Böyle konuşuyorsanız, öylesiniz demektir.
Hatta, daha da aşağısı.
Herhangi bir Batı ülkesi liderinin benzeri cümlesini hatırlamıyorum.

Londra’daki yangın, özellikle yoksulların yaşadığı ve çalıştığı şartlara dikkat çektiği için çok konuşuldu. Muhalefetin yükselen ismi Jeremy Corbyn, burada evlerini kaybeden yoksullara, zenginlerin evlerine yerleşme çağrısı yaptı.

***
Bakın, Londra’da 25 katlı bir bina, tuhaf biçimde çıra gibi yandı.
Yangın 12 saatten daha uzun süre, kontrol altına bile alınamadı.
Binada belediye tespitlerine göre, 400 ila 600 kişi yaşıyordu.
Resmi açıklama, 79 ölü var.
Basın, kayıplarla birlikte rakamın 100’ü geçeceğini öngörüyor.
Yangın 14 Haziran’da yaşandı.
İki hafta geçti, halen medyada bir numaralı gündem.
Kurtulanlara ilk andan itibaren yardım yağdı.
Devlet değil, semt sakinleri beslenme ve kıyafet zinciri oluşturdu.

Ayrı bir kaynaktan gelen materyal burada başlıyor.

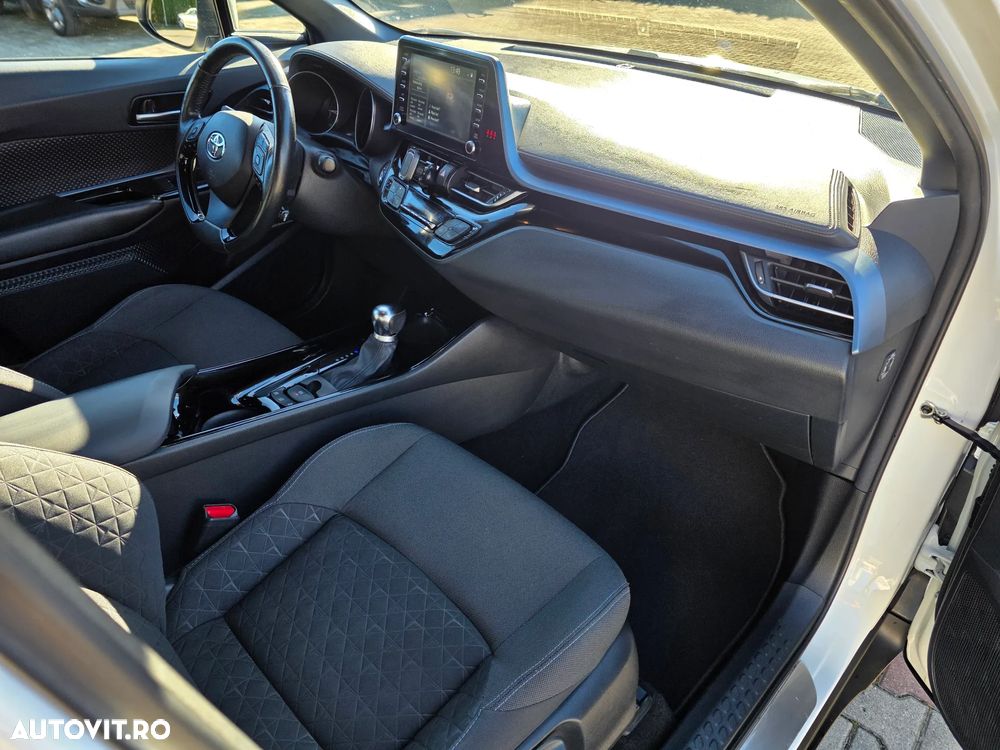 Toyota C-HR Hybrid Team Deutschland - 5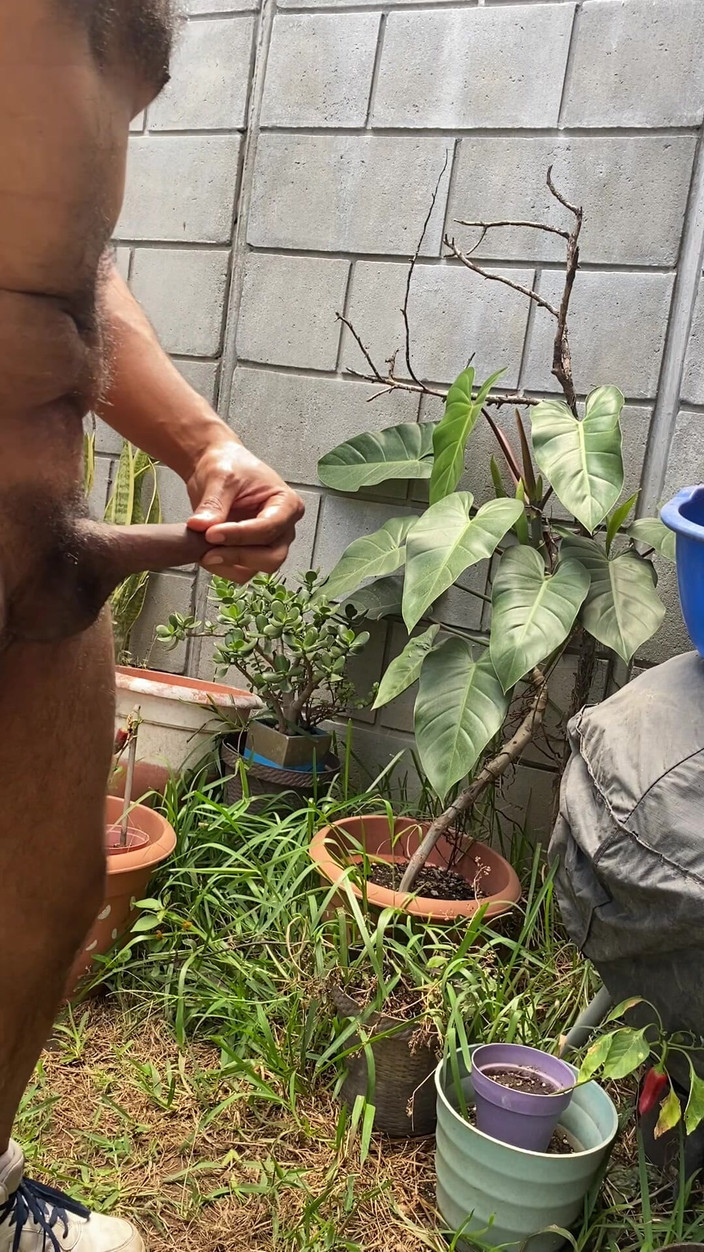 KING_TiBURON: 外で日焼けしながらソロで手コキ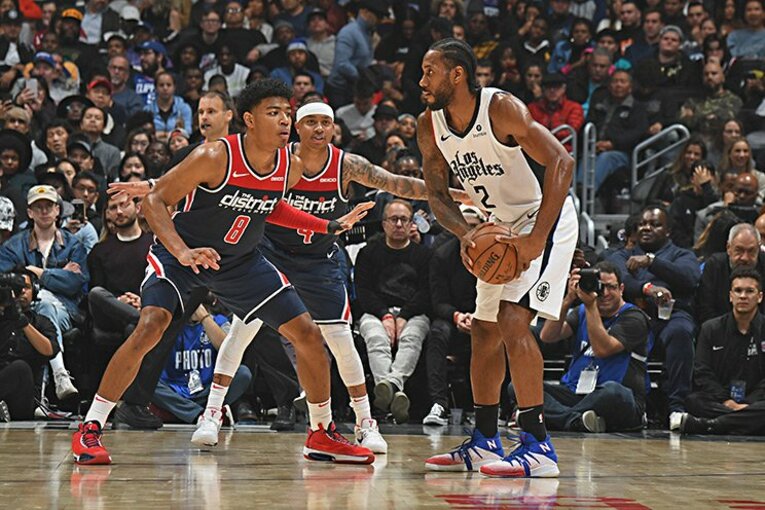 NBAで今最も話題のカワイ・レナード。比較されている八村塁の将来性は？(3)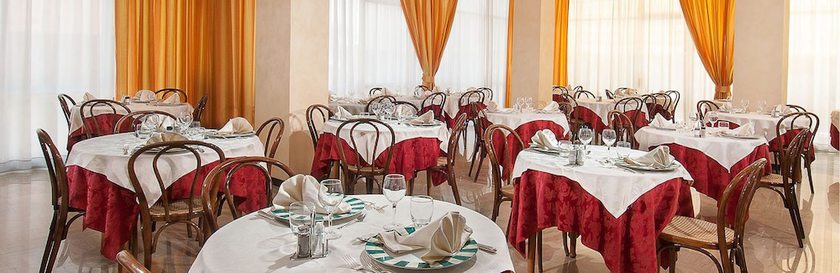 Imagen del bar/restaurante del Hotel Helios, Rimini. Foto 7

Kimse açta açıkta kalmadı.
Evsiz kalanlar, derhal otele yerleştirildi.
Başbakan özür diledi.
Hükümet, ilk anda 1 milyon pound (4.5 milyon TL) nakden yardım yaptı.
Sadece, “binanın dış kaplama malzemesinden çıkan gazdan zehirlenme” ihtimaline binaen, aynı malzemeyi kullanmış onlarca bina boşaltıldı.
600’e yakın bina incelendi, testi geçemeyenler işaretlendi.
Ülkede iki büyük haber kanalı var: BBC ve SKY News.
Çatır çatır mağdurları, semt halkını, muhalif politikacıları konuşturdular, sansürsüz, perdesiz, sözlerini kesmeden.
Halen de devam ediyor.
İngiliz kamuoyu, yaraları sarmadan, sorumlular tespit edilmeden de hadisenin peşini bırakmayacak.
Niye?
Serbest medya var da ondan.
***
Bin kere yazdım söyledim, bir daha tekrar edeyim:
Fikir hürriyetinin açık ara bir numaralı olmazsa olmazı basın özgürlüğüdür.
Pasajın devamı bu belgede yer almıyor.